The North Bay Nugget. By Gord Young -
Hundreds of local high school students were urged Thursday to close the taps on the bottled water industry.
In an eye-opening presentation to Widdifield Secondary School students, teachers Erin and Mark Robertson shed some light on a hard-to-swallow industry, revealing the water they purchase at the corner store or in the cafeteria may not be as healthy, environmentally friendly or socially responsible as they may think.
“It’s shocking,” said Katie Rose, a Grade 9 student who was one of about 900 to hear the presentation.
She said she was astonished by what she heard goes on behind the industry’s active and healthy living marketing efforts.
The Robertsons, who developed a curriculum package focusing on global water resource issues following a visit to Bolivia two years ago, told students that bottled water, which is more expensive than gasoline, often comes directly from the tap and is tested far less frequently at bottling plants than at municipal treatment facilities.

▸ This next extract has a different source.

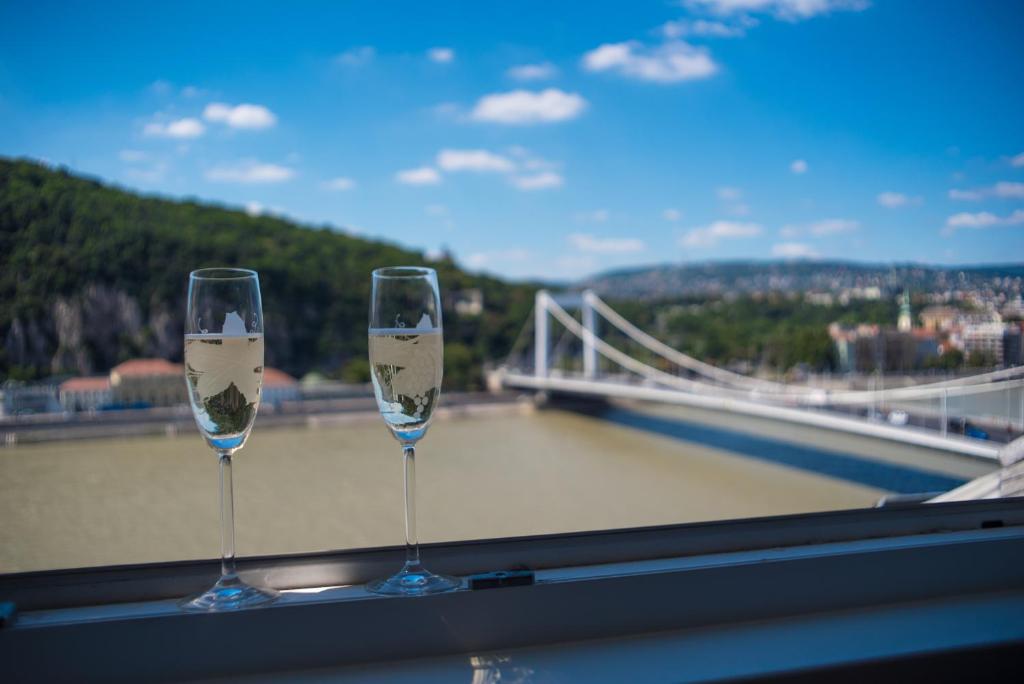 two wine glasses sitting on a window sill with a bridge at Flat with Unforgettable View in Budapest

The students also heard it requires three to five times as much water to put a one-litre container on the shelf due to the bottling process.
In addition to concerns about the leaching of chemicals used to make the plastic bottles, the students were also told some testing has found traces of arsenic and mercury in some water found on store shelves.

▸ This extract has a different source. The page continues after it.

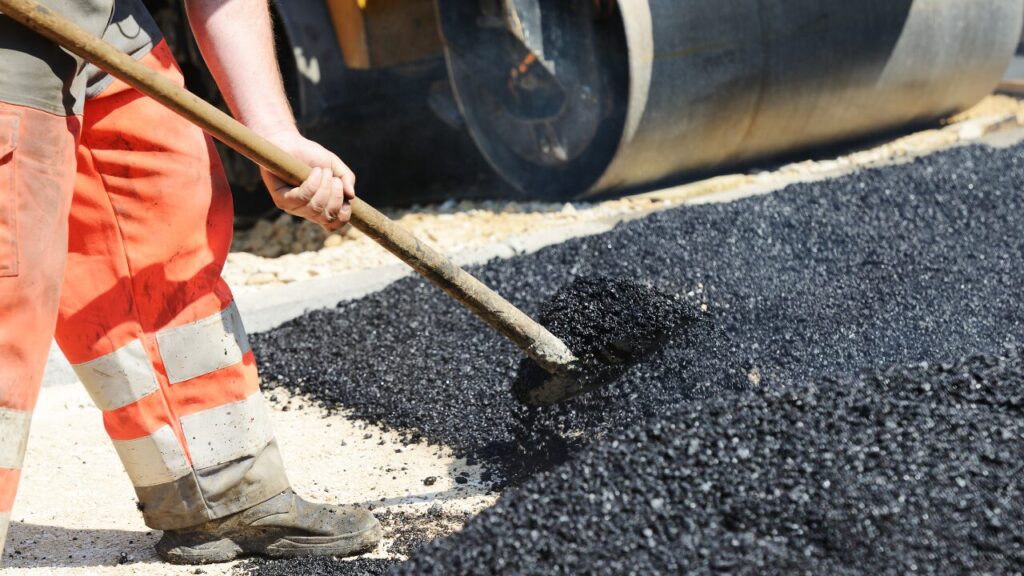 Worker spreading asphalt with a shovel next to a road roller.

“One in five people in Canada say they drink only bottled water,” said Mark Robertson, who urged students to stop buying bottled water and to spread the word about the industry.
He said students can also lobby their administrators and trustees to ban the sale of bottled water in their schools, much the same as the public board has done in the Waterloo Region starting next year.

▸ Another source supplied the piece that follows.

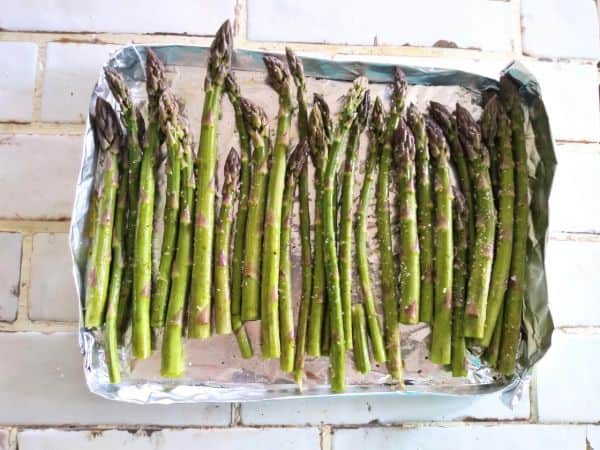 asparagus in a single layer on a homemade foil tray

The Robertsons, who are both local high school teachers, travelled to Bolivia as representatives of the Ontario Secondary School Teachers’ Federation to examine that country’s battle to protect their water rights from privatization and to develop classroom resources focusing on the world water crisis.
Their presentation at Widdifield Thursday also looked at global water supply issues and water conservation.
“There are 1.1 billion people in the world who have no access to clean drinking water,” said Erin Robertson, noting 80 per cent of sick people around the globe are ill because of contaminated water.
Tilly Wolfram, a Grade 12 student, said she wasn’t aware of the statistics.
“I thought it was really eye-opening,” said Wolfram, noting she found it upsetting to hear Canada joined the U.S. in refusing to support the United Nations Human Rights Council in recognizing water as a basic right.